The failure mode is predictable: the first eval is a spreadsheet of happy-path examples, the product ships, support finds edge cases, and nobody knows whether the new examples belong in the blocking set, the monitoring set, or the backlog. By then, the eval is treated as a test fixture instead of a product surface.

The three sets we separate

The first mistake is putting every example into one blocking set. Production examples do not all play the same role.

Blocking set: small, stable, and severe. If this fails, the release stops.
Monitoring set: larger and noisier. If this drifts, someone investigates, but not every miss blocks a release.
Backlog set: real failures that are not yet understood well enough to become a gate.

That separation matters because eval trust is fragile. If the blocking set contains ambiguous examples, engineers learn to ignore red runs. If the monitoring set is too small, product quality drifts without anyone noticing. If the backlog never graduates into a gate, production keeps rediscovering the same failure.

What the factory includes now

A versioned eval dataset stored alongside the code.
A scorecard with explicit thresholds for blocking a release.
A weekly review where new regressions get triaged before they pile up.
A fixture generator for recurring edge cases: bad sources, stale records, malformed tool calls, unsafe requests, and "needs human" moments.
A cost and latency budget next to the quality threshold.
Ownership: one person who can decide whether a new production failure becomes a release blocker.

What belongs in the first version

Real user inputs, not invented prompt examples.
Expected answers, refusal cases, and "needs human" cases.
A small adversarial set for the failures the business cannot tolerate.
A cost and latency budget next to the quality threshold.
An owner who can decide when a new production failure becomes a release blocker.

What does not belong yet

Not every weird production failure belongs in the blocking eval the day it appears. Some failures need product judgment first. Some reveal a missing workflow state. Some are data-quality problems upstream of the model. Some should become monitoring examples before they become release gates.

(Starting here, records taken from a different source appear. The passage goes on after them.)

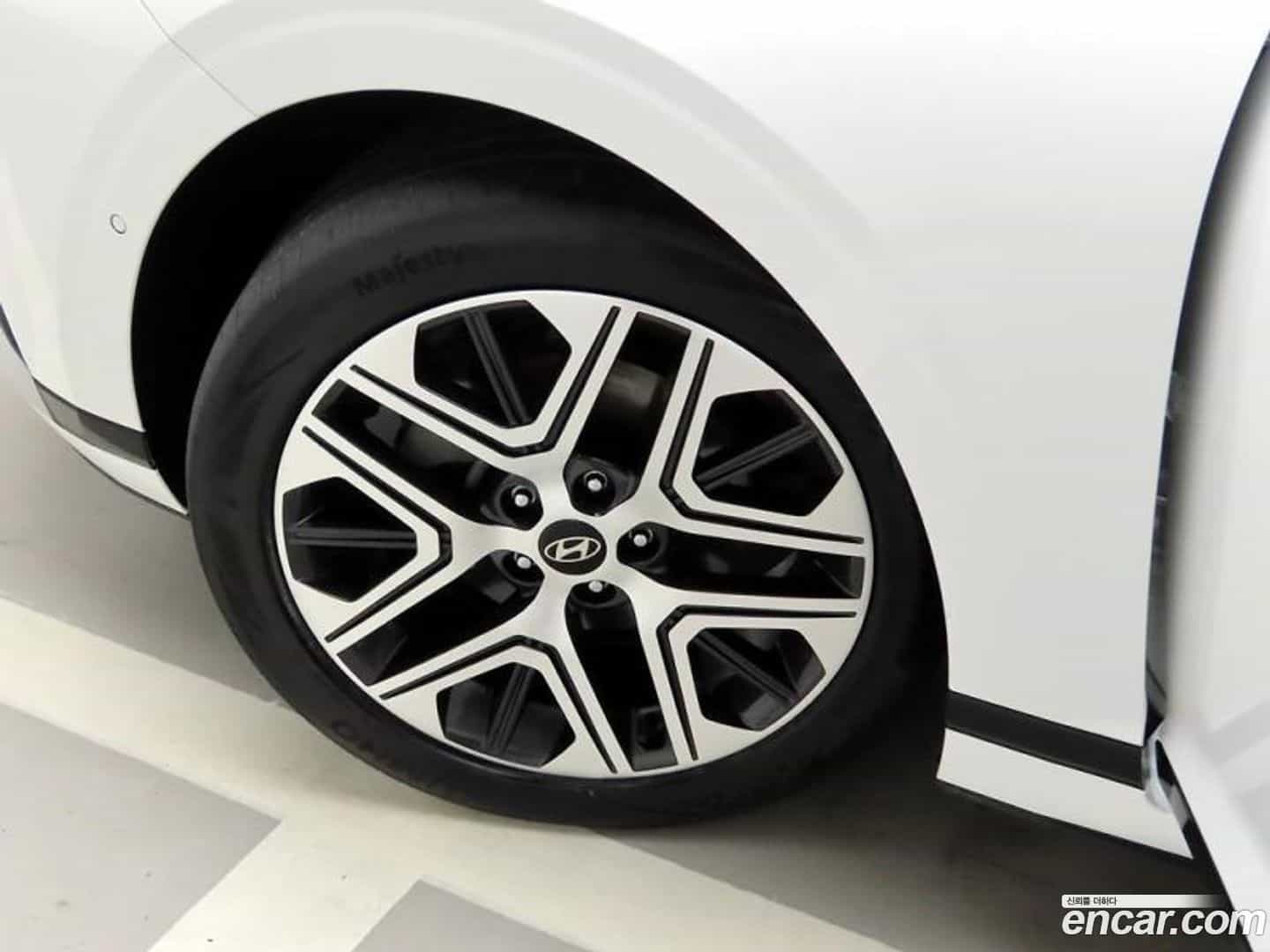 Grandeur Hyundai 2023.1-OPTION-023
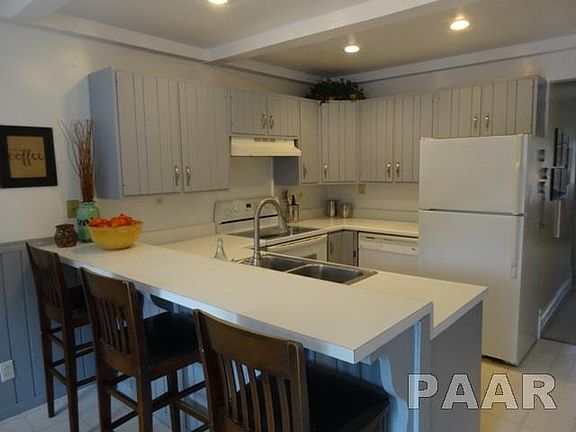 5th image of 208 W Cedar St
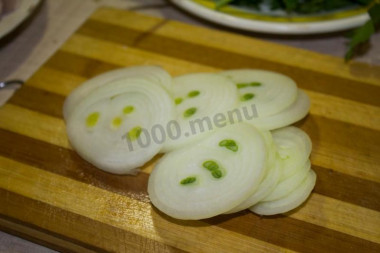 Рецепт - Люля-кебаб из грудок с маринованным луком на противне - Шаг 6 -  Сразу же замаринуем лук - его режем тонкими кольцами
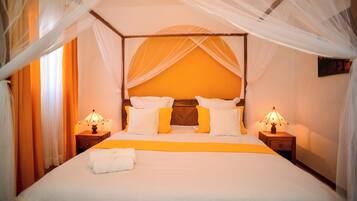 4 bedrooms, iron/ironing board, WiFi, bed sheets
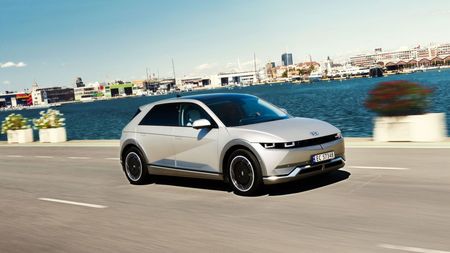 hyundai ionic 5 side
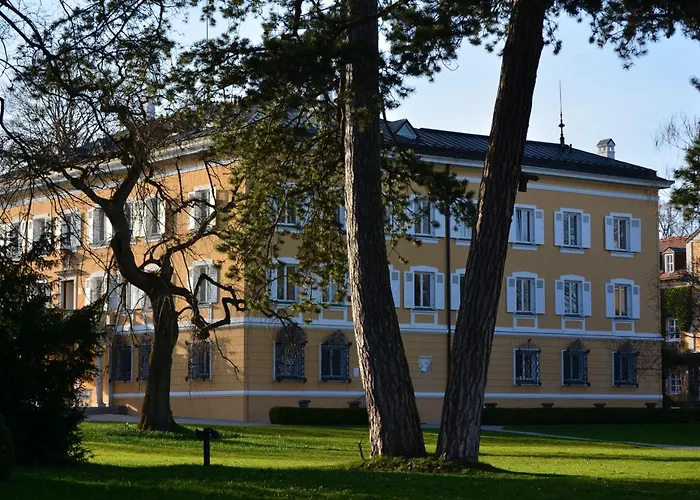 Evangelische Akademie 2* Tutzing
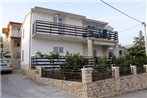 Apartments by the sea Seget Vranjica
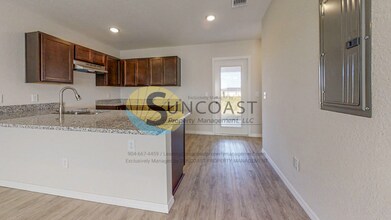 8250 Juniper Rd, Unit 4 in Ocala, FL - Building Photo - Building Photo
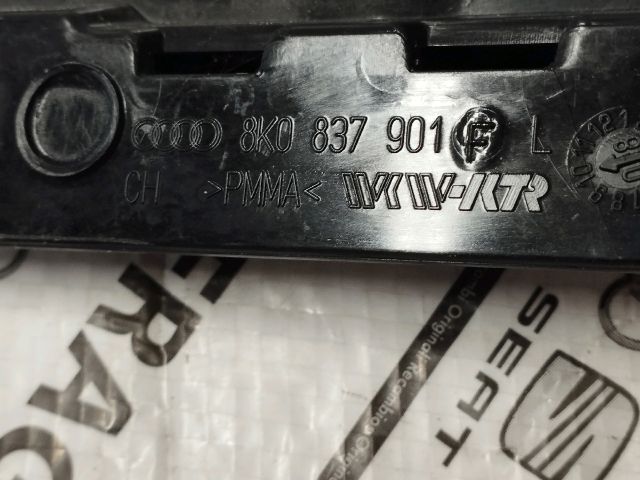 bontott AUDI A4 B8 Bal első Ajtó Díszléc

The eval review exists to make that call deliberately. Otherwise the harness becomes a junk drawer of scary anecdotes, and the team stops trusting it.

The handover standard

At handover, your team should be able to answer five questions without us:

Which eval cases block a release?
Which examples are monitored but not blocking?
How does a new production failure become an eval case?
Who owns threshold changes?
What cost and latency budget does the model route have to respect?

The point is not to make the eval huge. The point is to make it trusted enough that a green run means something and a red run stops the release.